Dark Matter of Epistemology
The CUNY Graduate Center
We have already shown that only deductively complete epistemic scenarios admit traditional single-model characterizations. In this talk we show that the paradigmatic Muddy Children story is deductively complete and fairly represented by its standard Kripke model. However, the whole variety of its modifications with partial knowledge, asymmetric knowledge, etc., are not deductively complete and hence are invisible “Dark Matter” from the traditional single-model perspective. We show several examples of such “invisible” scenarios that admit natural syntactic analysis and resolution. Finally, we will discuss a version of Muddy Children, in which justifications become a key ingredient of the solution. These examples represent, in a nutshell, the corresponding classes of real world epistemic problems which lie off limits of the traditional single-model analysis but can be analyzed by a proper combination of syntactic and semantic methods.

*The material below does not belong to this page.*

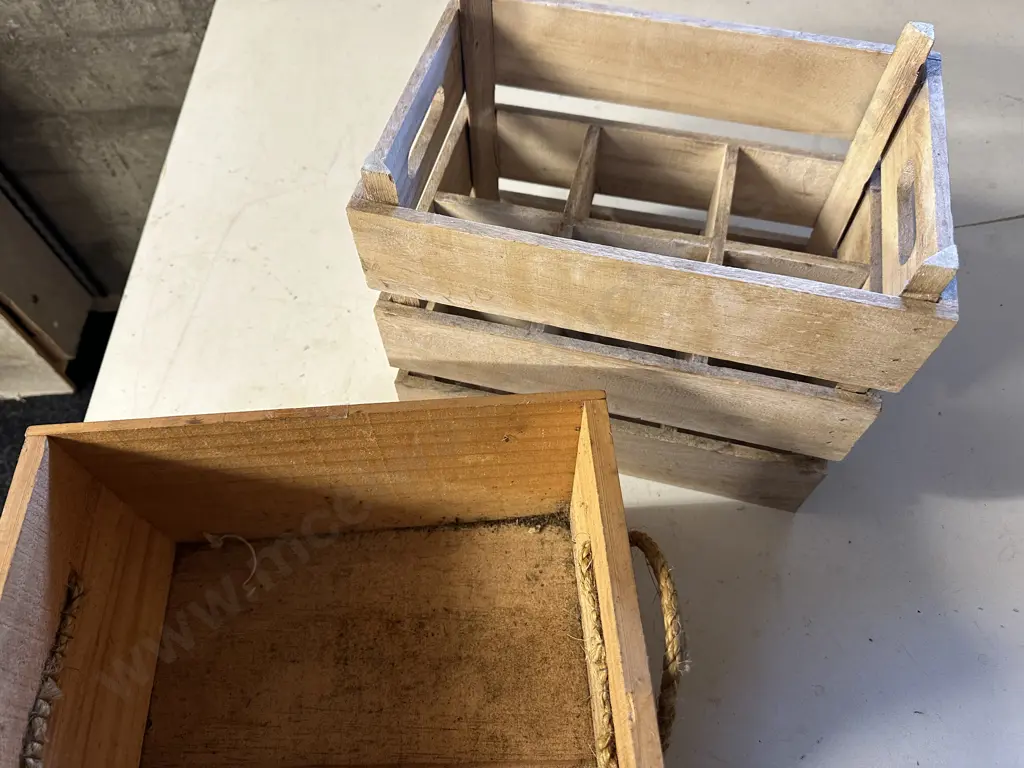 Wooden Six Bottle Double Handled Storage Box & Millar & Co Advertising Fine Wine  Box (Sold with -028) Image 1++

Professor Artemov holds a Distinguished Professor position at the Graduate Center of the City University of New York, in the Computer Science, Mathematics and Philosophy programs. He is also Professor of Mathematics at Moscow State University, the founder and the Head of the research laboratory Logical Problems in Computer Science. He conducts research in the areas of logic in computer science, mathematical logic and proof theory, knowledge representation and artificial intelligence, automated deduction and verification and optimal control and hybrid systems.